Lustro perdido en la guerra de la inflación
lunes, 11 de mayo de 2026
El costo de vida en Colombia es uno de los grandes problemas de la economía que se está volviendo endémico, tal como ocurre en Venezuela y Argentina, asunto que no da espera
Editorial
La Constitución dicta que es responsabilidad del Banco de la República y de su junta directiva mantener el poder adquisitivo de los colombianos, que en otras palabras no es distinto al imperativo de controlar el costo de vida, manteniendo bajo control la inflación, pero ese mandato no se ha cumplido desde hace un lustro; la última vez que el Índice de Precios al Consumidor, que mide el Dane, estuvo por debajo de 4% fue en julio de 2021, pocos meses después de haber terminado la pandemia.
Y es que la Junta Directiva del Emisor, compuesta por cinco miembros nombrados por los presidentes en ejercicio, un gerente nombrado por esos codirectores y una presidencia ocupada por el ministro de Hacienda de turno, tiene como techo no pasar de una variación de precios de 4% y un piso de 2%, es decir, que el costo de vida fluctúe para tener unas tasas de interés adecuadas. Cuando la actual administración asumió el poder en agosto de 2022, la inflación ya estaba fuera de madre y el banco central hacía maromas para cumplir el mandato constitucional, imperativo que solo se consigue trabajando de la mano con los ministerios económicos, cuyos decretos y acciones pueden alterar los precios, pues en Colombia hay demasiada intervención del Ejecutivo en la formación de precios: los servicios públicos, el transporte, la educación y el salario mínimo.
Nunca antes, al menos desde la independencia del Banco, las relaciones entre la entidad y el Gobierno Nacional habían sido tan malas, al punto de que el ministro amenazó con no volver a presidir la junta si no se bajaban las tasas de interés al sistema financiero; bravuconada que fue respaldada por el presidente, quien amenazó con volver a subir el salario mínimo si los codirectores no bajaban el costo del dinero en el mercado. Esa guerra fría no se ha decantado y ha dejado un mal sabor sobre la politización de las medidas, pues la junta venía subiendo la tasa a razón de dos puntos en dos meses y, durante la última sesión, frenó en seco y la congeló hasta junio, cuando ya haya un nuevo huésped en la Casa de Nariño.

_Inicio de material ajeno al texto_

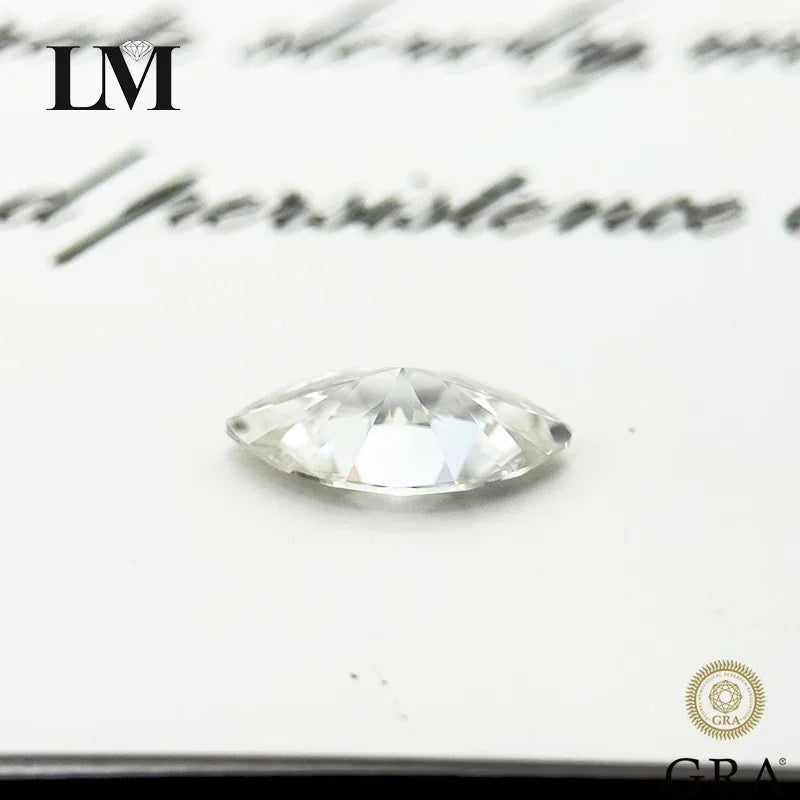 TOP Moissanite Stone D Color Marquise Cut Vvs1 Artificial Gemstone Pass Diamond Tester 0.05ct-3ct Sizes with Certificate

Este año la inflación puede terminar en 6%, lo que quiere decir que bajar ese porcentaje al marco definido por el Banco de la República puede durar hasta 2027 o 2028, lo que obliga a replantear las metas, pues los objetivos que no se cumplen se vuelven paisaje y se pierde la credibilidad institucional. Colombia debe tener una fórmula para que el costo de vida no se quede entre la disputa de un Emisor que le echa la culpa al Gobierno por los salarios, el transporte o los servicios públicos, y un Ejecutivo que quiere crecer la economía con base en tasas bajas sin importar la formación de precios, la creciente informalidad y el escaso conocimiento de los efectos de las economías subterráneas en toda la ecuación económica.
Que los precios para los 20 millones de familias varíen lo menos posible, y que estas y las empresas disfruten de dinero más barato, no puede ser una ilusión, ni mucho menos se puede perder la confianza en que hay unas autoridades económicas nombradas para que todo funcione mejor. El Gobierno venidero debe nombrar profesionales probos en los ministerios y hacer los cambios pertinentes entre los codirectores del Emisor para que la economía gane y goce de buena reputación, pues la inflación le está ganando la partida a los responsables de ahora.